Al via il progetto ROSE

Sette partner uniscono le forze per sviluppare tecnologie a supporto di persone con problemi di perdita di olfatto


Ha preso il via il progetto ROSE, finanziato con oltre 3 milioni di € dall’Unione Europea nell’ambito del programma H2020 Pathfinder Pilot. Obiettivo del progetto è dare sostegno alle persone che abbiano subito una perdita dell’olfatto.

Si calcola che la perdita parziale e totale dell'olfatto (iposmia / anosmia) colpisca circa il 20% della popolazione mondiale con effetti negativi sulla qualità della vita; un problema che si è andato aggravando con la pandemia Covid: una persona su due affetta da Covid, infatti, ha sofferto di una forma di perdita olfattiva, in alcuni casi persistente anche dopo la guarigione.

A differenza di altri sistemi sensoriali, attualmente non esiste una tecnologia avanzata che possa ripristinare parzialmente o totalmente il senso dell'olfatto. Il progetto ROSE combinerà nanotecnologia, microtecnologia, biotecnologia, design meccanico, neurochirurgia, olfatto clinico, neuroscienze e psicologia cognitiva, con l'obiettivo finale di verificare la fattibilità di una protesi olfattiva miniaturizzata che combini micro sensori di odore e stimolatori neurali. Questa soluzione sarà valutata su pazienti con disturbi dell'olfatto.

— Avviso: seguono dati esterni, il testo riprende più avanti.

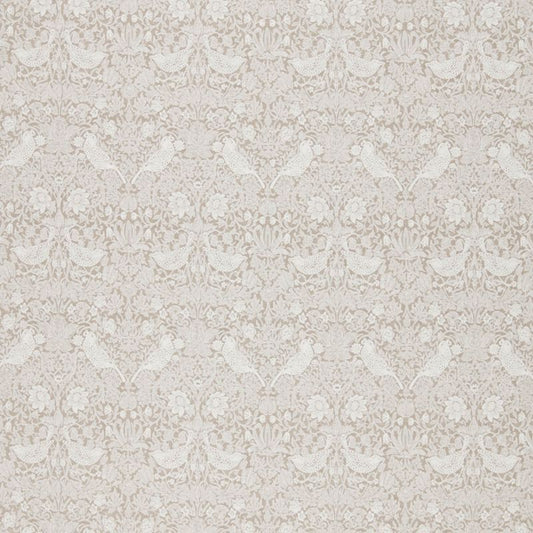 Pure Strawberry Thief Embroidery Fabric - Flax - Morris & Co - 236071 - Premier Wallcovering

Al progetto collaboreranno 7 partner europei, coordinati dal CNRS francese e più precisamente dal Lyon Neuroscience Research Center. Il ruolo del Politecnico di Milano, in particolare, sarà quello di sviluppare la metodologia per l'acquisizione e la modellazione della cavità nasale dei pazienti per la progettazione di recettori olfattivi miniaturizzati su misura e di progettare, simulare, produrre e testare prototipi di protesi olfattive miniaturizzate, utilizzando tecnologie di stampa 3D.

Referenti per il Politecnico le professoresse Marina Carulli e Monica Bordegoni del Dipartimento di Meccanica.